== Work task ==
Repeat every entry exactly. Do not include the pictures.

== Data to use ==
::::

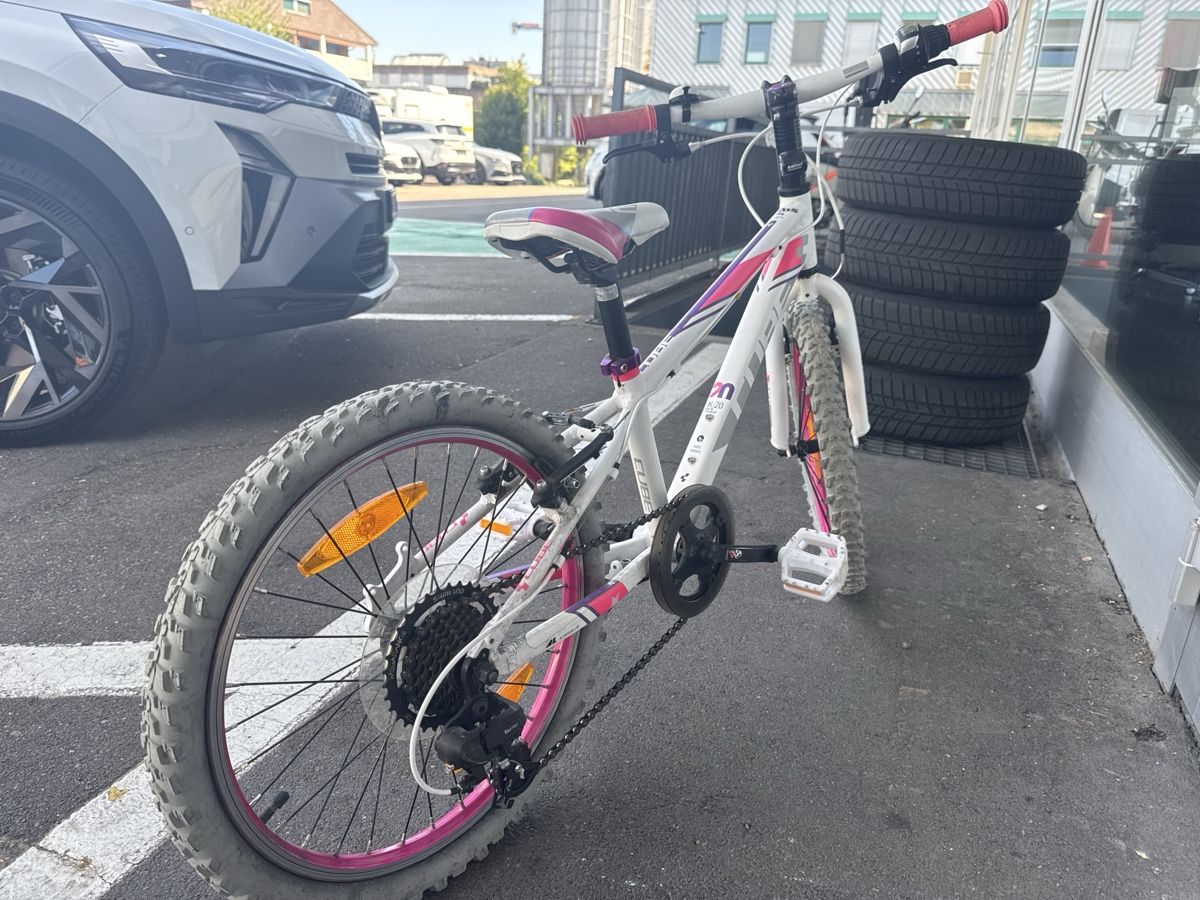 Cube Biciclette: Kinderfahrrad Cube weiss pink gebraucht – Usato da Regensdorf venduto da Autofrank-AG 4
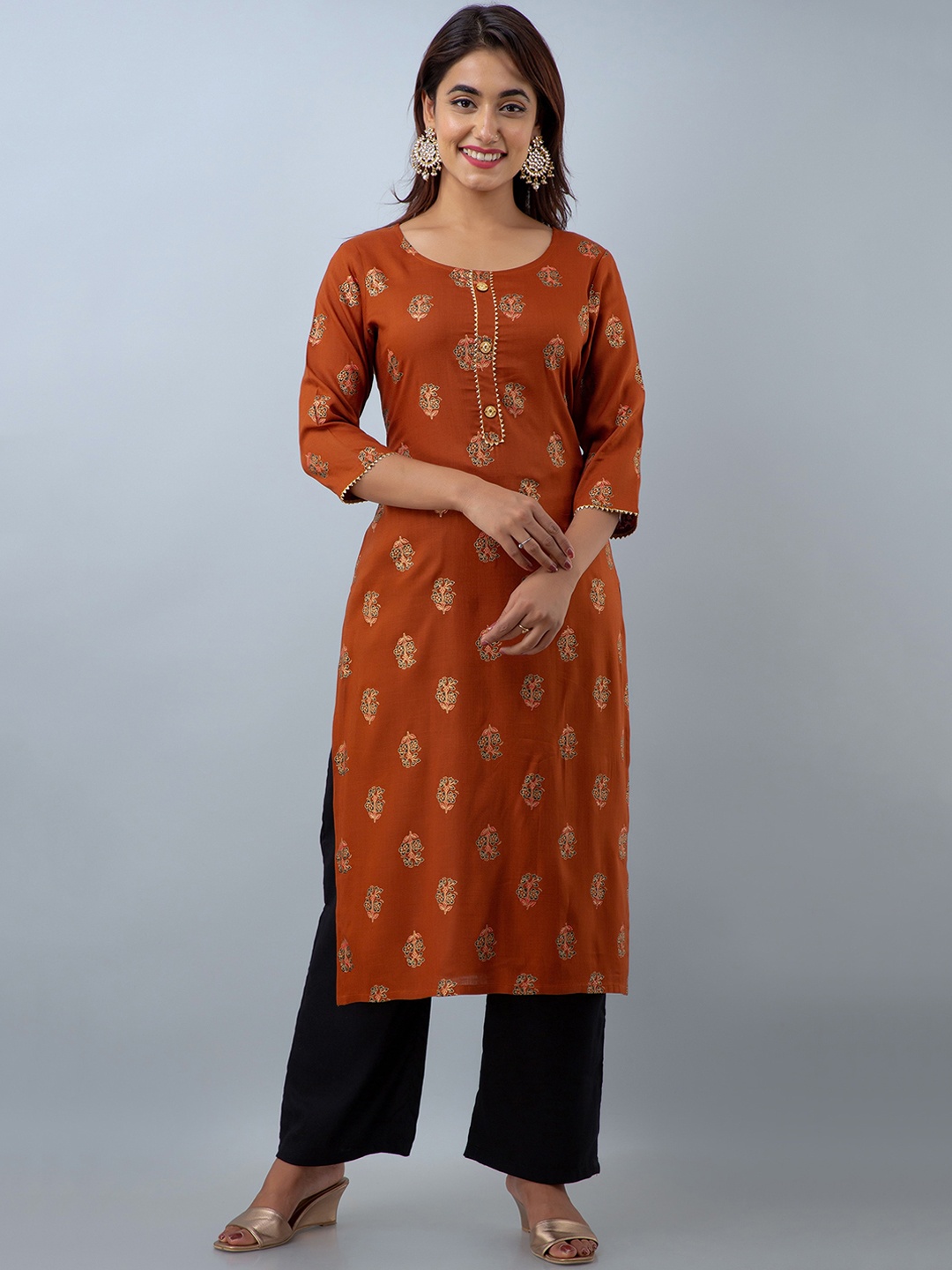 

DORIYA Women Brown Ethnic Motifs Printed Kurta with Palazzos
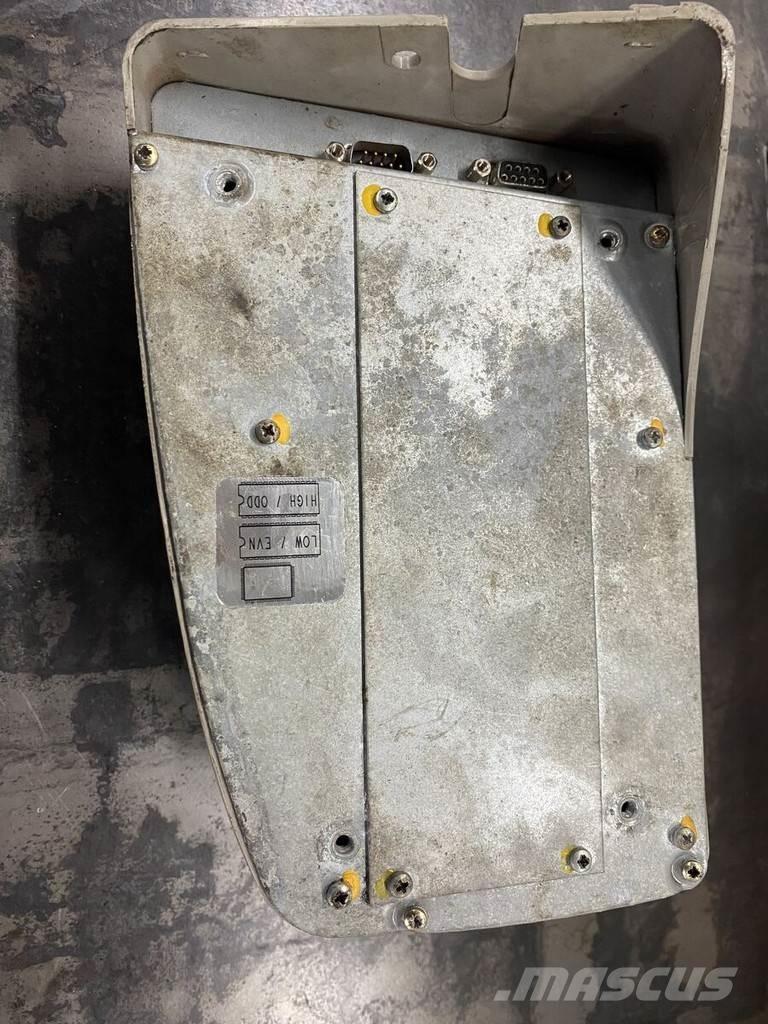 Liebherr A934C 运输工具-其他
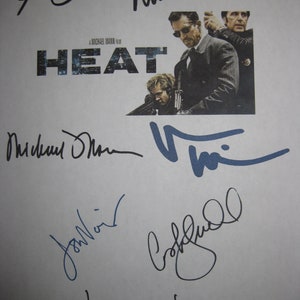 Può includere: Un foglio di carta bianco con diverse firme in inchiostro nero e blu. Le firme includono Al Pacino, Robert De Niro, Michael Mann, Val Kilmer, Jon Voight e Tom Sizemore. Le firme sono su un foglio di carta bianco con il titolo "HEAT" stampato in bianco e nero. Il titolo è tratto dal film "Heat" del 1995 diretto da Michael Mann.
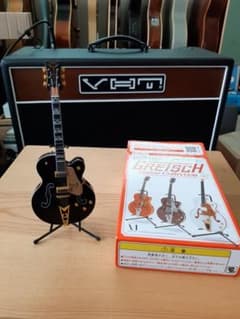 Gretsch 1/8 フィギュア ブラックファルコンのサムネイル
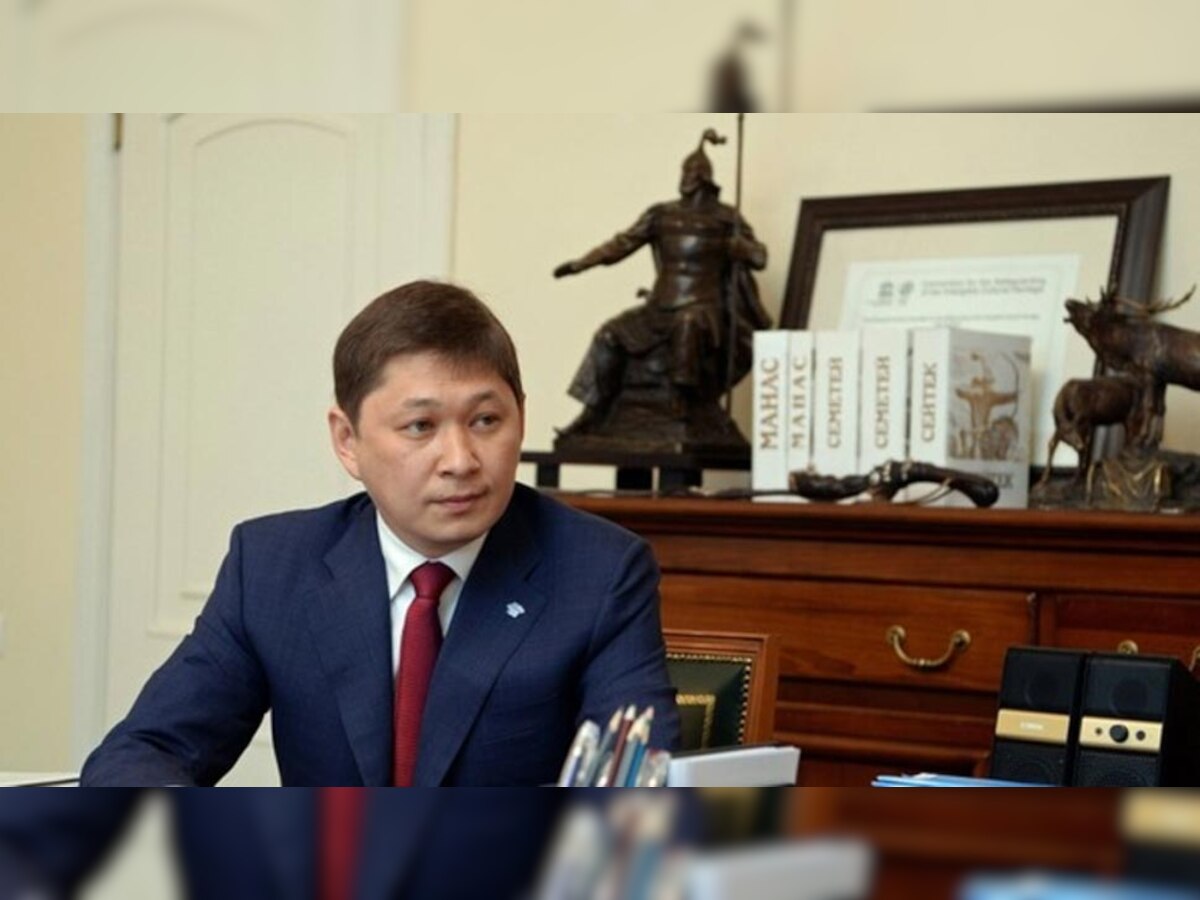 राष्ट्रपति जीनबेकोव ने एक आदेश पर हस्ताक्षर कर सरकार की बर्खास्तगी की पुष्टि कर दी.(फोटो साभार- AKIpress News Agency)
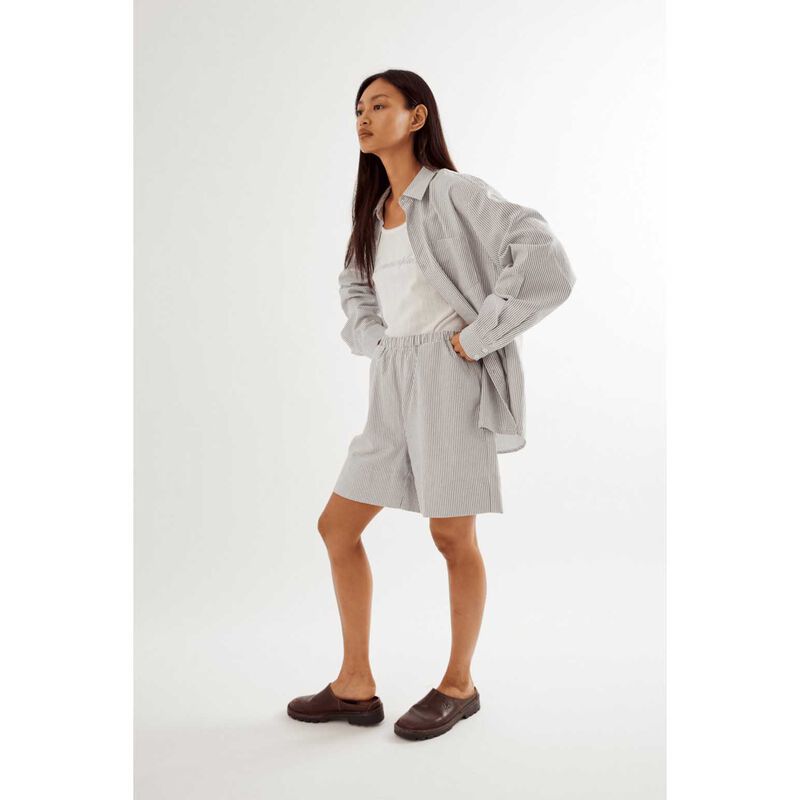 COMMONPLACE ESSENTIALS Beech Cottage Shorts image number 3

::::

== Exercise output ==
 Cube Biciclette: Kinderfahrrad Cube weiss pink gebraucht – Usato da Regensdorf venduto da Autofrank-AG 4

DORIYA Women Brown Ethnic Motifs Printed Kurta with Palazzos
 Liebherr A934C 运输工具-其他
 Può includere: Un foglio di carta bianco con diverse firme in inchiostro nero e blu. Le firme includono Al Pacino, Robert De Niro, Michael Mann, Val Kilmer, Jon Voight e Tom Sizemore. Le firme sono su un foglio di carta bianco con il titolo "HEAT" stampato in bianco e nero. Il titolo è tratto dal film "Heat" del 1995 diretto da Michael Mann.
 Gretsch 1/8 フィギュア ブラックファルコンのサムネイル
 राष्ट्रपति जीनबेकोव ने एक आदेश पर हस्ताक्षर कर सरकार की बर्खास्तगी की पुष्टि कर दी.(फोटो साभार- AKIpress News Agency)
 COMMONPLACE ESSENTIALS Beech Cottage Shorts image number 3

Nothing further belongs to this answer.